VoA: Today, we saw your new collection inspired by the Seven Beauties poem by Nizami Ganjavi. How would you describe this collection?

LM: The poem is very romantic, concerning an Emperor who falls in love with several princesses along the Silk Road. Each region also represents one of the seven stages of love, which is indicated by various different colours, reflecting the respective traditions. I also depicted each geographical area by using various fabrics. The regions were very diverse and it was challenging to include all those aspects in one collection and yet still maintain continuity. 

How did you achieve this?
This was maintained by using the same shapes, utilising some of the same fabrics and maintaining a colour theme through every look.

Did the Seven Beauties Ballet by Qara Qarayev inspire you?
My main inspiration was from the poem itself, albeit in translation, although I also looked at the costumes from various productions of the ballet. 
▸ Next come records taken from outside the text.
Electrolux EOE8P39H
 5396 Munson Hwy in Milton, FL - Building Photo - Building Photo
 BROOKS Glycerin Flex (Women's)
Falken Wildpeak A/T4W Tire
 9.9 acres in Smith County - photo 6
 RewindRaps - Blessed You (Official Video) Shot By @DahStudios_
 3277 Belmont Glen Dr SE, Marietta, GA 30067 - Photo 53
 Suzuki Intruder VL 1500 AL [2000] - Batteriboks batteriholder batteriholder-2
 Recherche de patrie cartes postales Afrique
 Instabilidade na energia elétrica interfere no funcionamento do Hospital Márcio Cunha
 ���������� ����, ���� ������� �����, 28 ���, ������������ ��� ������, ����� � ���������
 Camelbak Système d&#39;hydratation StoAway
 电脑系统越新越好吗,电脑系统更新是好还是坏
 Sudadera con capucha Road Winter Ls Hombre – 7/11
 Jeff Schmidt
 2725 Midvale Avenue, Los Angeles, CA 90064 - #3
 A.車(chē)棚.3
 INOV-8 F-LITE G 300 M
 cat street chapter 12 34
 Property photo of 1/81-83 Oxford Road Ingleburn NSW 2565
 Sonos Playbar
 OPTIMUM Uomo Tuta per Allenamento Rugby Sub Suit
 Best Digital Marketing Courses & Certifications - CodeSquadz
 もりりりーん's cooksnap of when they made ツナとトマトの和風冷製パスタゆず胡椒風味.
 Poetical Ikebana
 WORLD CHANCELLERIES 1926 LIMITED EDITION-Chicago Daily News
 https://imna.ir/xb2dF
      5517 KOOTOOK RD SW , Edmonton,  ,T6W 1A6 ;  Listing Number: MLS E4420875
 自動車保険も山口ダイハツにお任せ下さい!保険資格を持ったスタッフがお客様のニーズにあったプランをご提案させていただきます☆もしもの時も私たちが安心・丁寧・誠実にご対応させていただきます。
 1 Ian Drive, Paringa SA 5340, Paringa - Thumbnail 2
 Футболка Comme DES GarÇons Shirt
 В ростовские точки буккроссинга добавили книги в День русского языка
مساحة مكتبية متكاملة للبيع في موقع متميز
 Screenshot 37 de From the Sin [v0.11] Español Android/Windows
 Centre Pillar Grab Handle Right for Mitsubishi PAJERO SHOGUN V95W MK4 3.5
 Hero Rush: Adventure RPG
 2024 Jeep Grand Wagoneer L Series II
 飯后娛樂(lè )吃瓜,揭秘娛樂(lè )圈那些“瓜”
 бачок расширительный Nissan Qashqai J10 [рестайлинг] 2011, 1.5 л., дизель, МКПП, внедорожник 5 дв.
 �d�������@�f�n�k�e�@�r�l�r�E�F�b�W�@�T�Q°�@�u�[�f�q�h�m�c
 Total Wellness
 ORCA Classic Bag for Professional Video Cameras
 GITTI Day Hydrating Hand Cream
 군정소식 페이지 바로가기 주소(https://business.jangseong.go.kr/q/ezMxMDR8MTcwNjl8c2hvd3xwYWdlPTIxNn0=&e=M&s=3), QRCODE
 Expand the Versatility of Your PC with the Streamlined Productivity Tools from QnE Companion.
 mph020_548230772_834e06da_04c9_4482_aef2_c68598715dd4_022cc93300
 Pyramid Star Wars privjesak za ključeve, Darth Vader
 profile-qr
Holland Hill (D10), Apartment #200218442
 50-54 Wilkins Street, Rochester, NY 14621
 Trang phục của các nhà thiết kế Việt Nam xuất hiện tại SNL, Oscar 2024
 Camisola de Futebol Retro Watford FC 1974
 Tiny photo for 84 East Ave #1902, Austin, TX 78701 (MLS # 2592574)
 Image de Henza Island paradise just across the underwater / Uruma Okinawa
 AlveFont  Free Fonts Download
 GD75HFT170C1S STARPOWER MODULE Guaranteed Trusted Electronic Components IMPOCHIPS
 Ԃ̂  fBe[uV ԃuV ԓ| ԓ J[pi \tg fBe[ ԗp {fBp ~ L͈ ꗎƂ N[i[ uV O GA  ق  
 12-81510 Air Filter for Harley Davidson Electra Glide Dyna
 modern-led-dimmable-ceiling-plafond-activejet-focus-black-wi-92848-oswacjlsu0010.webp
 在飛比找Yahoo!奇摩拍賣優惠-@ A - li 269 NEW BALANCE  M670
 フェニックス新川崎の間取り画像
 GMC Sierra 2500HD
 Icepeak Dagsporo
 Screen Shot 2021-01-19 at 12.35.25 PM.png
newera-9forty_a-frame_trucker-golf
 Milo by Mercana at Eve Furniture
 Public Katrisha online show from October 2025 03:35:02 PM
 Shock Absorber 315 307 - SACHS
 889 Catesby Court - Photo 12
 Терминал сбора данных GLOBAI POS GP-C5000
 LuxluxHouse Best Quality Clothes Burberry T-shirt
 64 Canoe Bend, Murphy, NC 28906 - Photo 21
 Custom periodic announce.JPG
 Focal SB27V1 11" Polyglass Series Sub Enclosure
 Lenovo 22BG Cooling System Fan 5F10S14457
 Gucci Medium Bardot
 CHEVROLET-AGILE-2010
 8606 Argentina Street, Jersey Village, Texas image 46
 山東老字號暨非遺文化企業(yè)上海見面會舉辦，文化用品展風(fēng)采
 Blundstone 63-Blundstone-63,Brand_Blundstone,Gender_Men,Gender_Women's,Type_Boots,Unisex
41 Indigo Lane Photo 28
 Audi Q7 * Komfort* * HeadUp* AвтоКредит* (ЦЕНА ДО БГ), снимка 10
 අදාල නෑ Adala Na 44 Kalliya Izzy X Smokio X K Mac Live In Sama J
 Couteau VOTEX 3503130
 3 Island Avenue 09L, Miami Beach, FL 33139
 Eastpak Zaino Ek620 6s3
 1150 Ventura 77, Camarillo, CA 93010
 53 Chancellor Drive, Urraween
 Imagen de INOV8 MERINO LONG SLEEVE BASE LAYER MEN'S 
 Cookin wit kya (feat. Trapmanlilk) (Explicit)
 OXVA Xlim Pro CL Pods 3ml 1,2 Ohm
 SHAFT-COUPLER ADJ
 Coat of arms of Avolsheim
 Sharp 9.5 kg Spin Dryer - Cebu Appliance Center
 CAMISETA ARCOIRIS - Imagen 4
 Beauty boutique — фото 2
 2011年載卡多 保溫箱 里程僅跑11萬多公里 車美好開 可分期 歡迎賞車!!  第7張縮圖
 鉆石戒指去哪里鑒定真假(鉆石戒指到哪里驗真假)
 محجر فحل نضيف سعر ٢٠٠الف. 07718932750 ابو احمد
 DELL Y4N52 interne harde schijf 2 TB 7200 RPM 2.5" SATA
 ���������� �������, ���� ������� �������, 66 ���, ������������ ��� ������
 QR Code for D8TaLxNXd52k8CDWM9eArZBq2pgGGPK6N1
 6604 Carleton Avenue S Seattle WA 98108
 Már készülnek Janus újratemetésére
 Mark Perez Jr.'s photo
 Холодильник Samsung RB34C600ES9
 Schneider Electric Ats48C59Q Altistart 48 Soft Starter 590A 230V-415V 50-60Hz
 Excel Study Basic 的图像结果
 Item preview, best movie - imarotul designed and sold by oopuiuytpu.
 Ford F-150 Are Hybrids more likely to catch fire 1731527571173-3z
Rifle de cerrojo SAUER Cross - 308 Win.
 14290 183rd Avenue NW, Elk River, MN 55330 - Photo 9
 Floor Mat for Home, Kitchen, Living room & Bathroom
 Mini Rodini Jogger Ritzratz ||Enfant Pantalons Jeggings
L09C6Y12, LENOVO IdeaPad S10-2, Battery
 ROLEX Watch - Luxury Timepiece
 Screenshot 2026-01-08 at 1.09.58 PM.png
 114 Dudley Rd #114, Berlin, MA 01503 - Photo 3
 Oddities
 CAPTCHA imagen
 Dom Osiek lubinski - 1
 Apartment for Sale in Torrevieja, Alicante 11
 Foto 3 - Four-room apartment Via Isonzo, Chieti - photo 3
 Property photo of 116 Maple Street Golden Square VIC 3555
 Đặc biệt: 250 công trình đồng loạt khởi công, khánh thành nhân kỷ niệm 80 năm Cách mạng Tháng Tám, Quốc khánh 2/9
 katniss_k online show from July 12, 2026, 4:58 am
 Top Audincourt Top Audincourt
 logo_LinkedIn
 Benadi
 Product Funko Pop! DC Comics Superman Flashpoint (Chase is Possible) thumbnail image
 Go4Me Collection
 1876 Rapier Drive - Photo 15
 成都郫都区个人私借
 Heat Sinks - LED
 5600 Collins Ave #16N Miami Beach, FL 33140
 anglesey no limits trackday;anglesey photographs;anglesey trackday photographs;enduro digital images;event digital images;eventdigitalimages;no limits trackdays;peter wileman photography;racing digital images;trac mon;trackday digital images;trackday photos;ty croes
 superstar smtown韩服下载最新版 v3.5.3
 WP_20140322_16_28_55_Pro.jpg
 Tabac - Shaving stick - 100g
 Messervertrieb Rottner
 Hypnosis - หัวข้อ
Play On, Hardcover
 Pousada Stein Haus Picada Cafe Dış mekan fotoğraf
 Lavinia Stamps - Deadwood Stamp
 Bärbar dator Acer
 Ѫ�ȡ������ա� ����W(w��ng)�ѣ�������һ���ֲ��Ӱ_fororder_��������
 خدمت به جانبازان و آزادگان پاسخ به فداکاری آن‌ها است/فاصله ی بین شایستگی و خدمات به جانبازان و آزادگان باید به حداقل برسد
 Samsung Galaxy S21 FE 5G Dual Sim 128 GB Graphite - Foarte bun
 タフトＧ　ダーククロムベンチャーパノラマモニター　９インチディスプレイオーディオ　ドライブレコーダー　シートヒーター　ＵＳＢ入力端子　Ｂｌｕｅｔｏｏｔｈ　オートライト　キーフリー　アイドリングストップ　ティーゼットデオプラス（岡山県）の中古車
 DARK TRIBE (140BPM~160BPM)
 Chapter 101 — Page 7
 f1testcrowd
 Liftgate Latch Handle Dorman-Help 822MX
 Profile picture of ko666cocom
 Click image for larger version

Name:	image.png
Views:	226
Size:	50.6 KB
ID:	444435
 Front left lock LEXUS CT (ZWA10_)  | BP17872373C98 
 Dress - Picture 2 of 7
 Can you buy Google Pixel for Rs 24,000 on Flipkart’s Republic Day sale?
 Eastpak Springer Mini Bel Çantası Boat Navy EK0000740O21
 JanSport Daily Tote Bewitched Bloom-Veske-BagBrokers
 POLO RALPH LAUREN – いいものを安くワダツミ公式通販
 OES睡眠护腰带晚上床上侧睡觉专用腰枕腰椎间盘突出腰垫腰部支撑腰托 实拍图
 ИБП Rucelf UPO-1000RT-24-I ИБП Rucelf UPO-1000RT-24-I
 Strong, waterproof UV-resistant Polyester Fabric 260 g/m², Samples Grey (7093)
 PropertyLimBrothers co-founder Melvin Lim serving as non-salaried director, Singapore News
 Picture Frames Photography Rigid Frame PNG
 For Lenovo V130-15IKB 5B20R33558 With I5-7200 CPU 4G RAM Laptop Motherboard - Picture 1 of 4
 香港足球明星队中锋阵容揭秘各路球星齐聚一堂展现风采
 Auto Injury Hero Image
Are all the clothes still fabricated in Germany?
Everything is still made in Germany. We produced the showpieces in Berlin, and the production will be made in the west of Germany. All the fabrics are mainly from Italy and Switzerland.

The women’s looks were both suitable for day- and eveningwear. Is this something you were trying to achieve?
I was certainly aiming to achieve this with the collection, and this is easier with a S/S collection. 

How can customers purchase the collection?
We now have an online shop at www.leoniemergen.com, so you can buy them online. Hopefully we will establish our own physical store in the future. I am already receiving expressions of interest, particularly from multi-brand department store buyers in London and Baku.